At a strategy session in Camp David, Trump's best and brightest considered the plan: Afghanistan should be administered exactly as the British controlled India – under a viceroy. Is former US ambassador to Kabul, Zalmay Khalilzad, to be that Viceroy? He is an ethnic Afghan and is being tipped as special Envoy which is what the Viceroys were.
Of course, the senior military brass around Trump shot down the first Prince proposal. But with Trump beginning to look vulnerable, all manner of risky adventures are being contemplated. The other day, National Security Adviser John Bolton leaked the alarming news that Syria was about to launch a chemical attack in Idlib. How did he know? From Hezbullah leader Hasan Nasrallah's speech last Sunday? Nasrallah said, "Data indicates that preparations are underway to stage a new chemical incident in Idlib." This is the Western "ruse to launch an aggression on Syria."

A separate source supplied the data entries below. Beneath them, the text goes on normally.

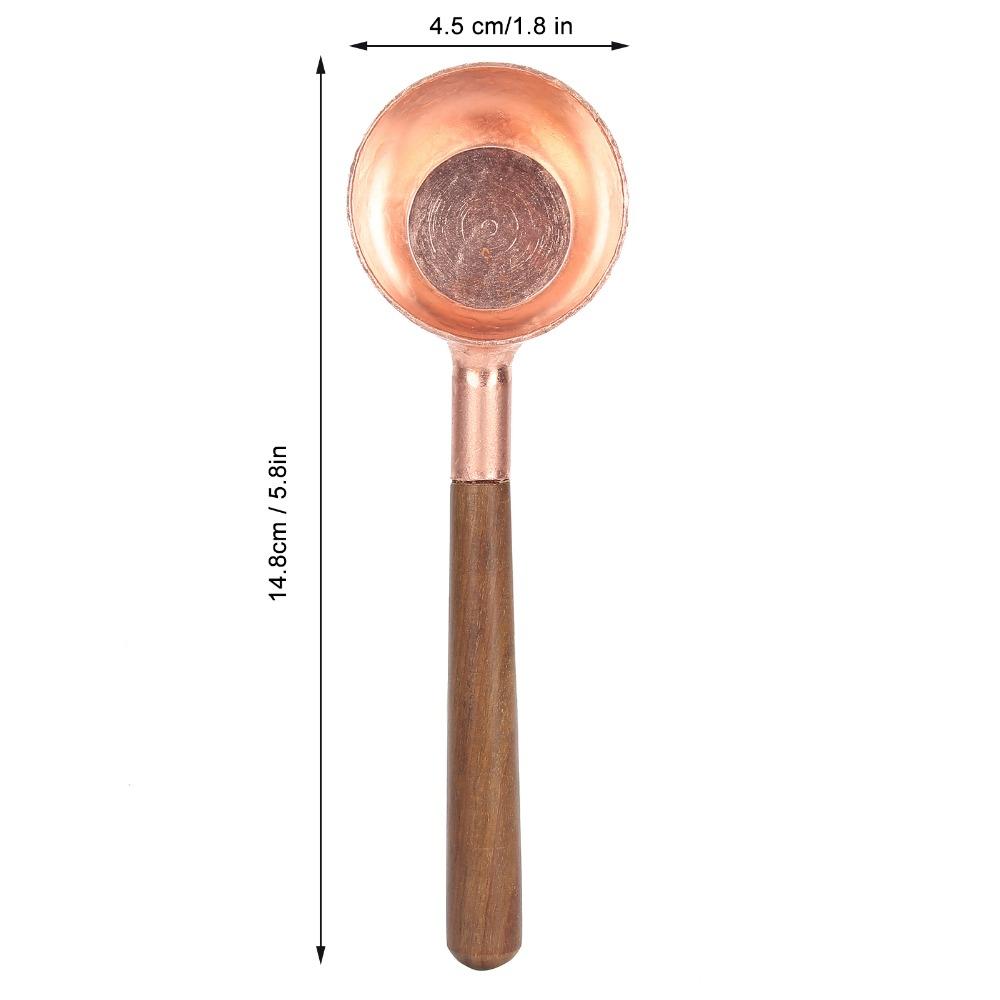 Black Walnut Handle Nature Walnut Spoons Red Copper Finish Coffee Measuring Scoop  Kitchen Use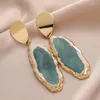 Dangle Earrings Modern Jewelry Geometric Resin 2023 Design Selling Irregular Gold Color Drop For Girl Lady Gifts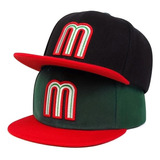 Kit 2 Gorras De Beisbol México Verde Y Negra Visera Plana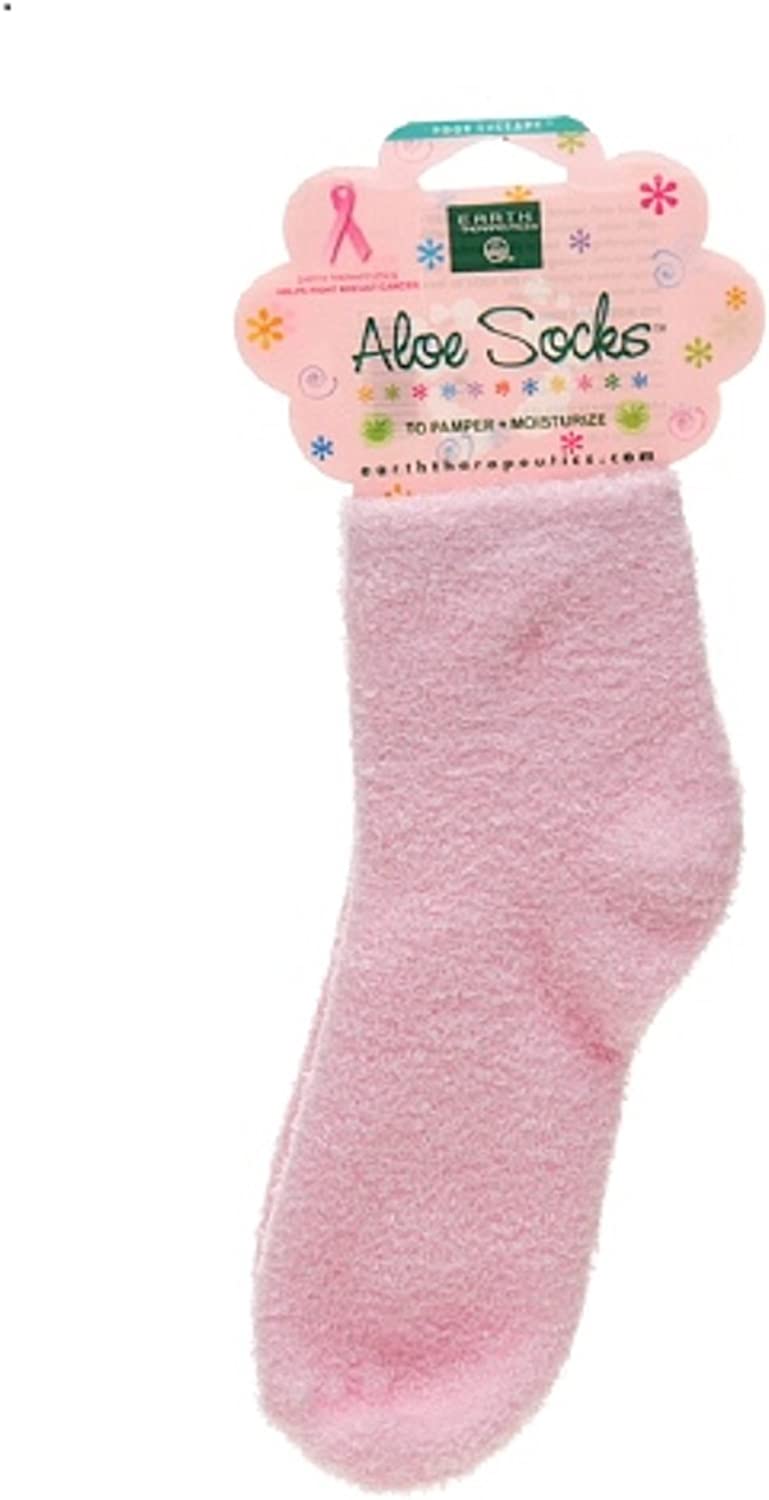 073377917929-EARTH THERAPEUTICS-Aloe Infused Socks Pink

Meanwhile, there are statements by Iranian Supreme leader Ayatullah Ali Khamenei, Russian Foreign Ministry and reports by independent journalists like Robert Fisk that militant groups like Jabhat al Nusra, trounced in Syria, are being secretly airlifted to Northern Afghanistan.
There are unconfirmed reports of a Chinese retaliation: A battalion being raised in the Wakhan Corridor to block terrorism being transported from Afghanistan. An air strike on the Afghan-Tajik border killed eight militants. According to the Afghan spokesman Khalil Asir, the origin of the aircraft remains unclear. Strange things are happening.
US Presidents have been known to dramatically divert attention when faced with internal crises. Is some catastrophe being manufactured to protect Trump?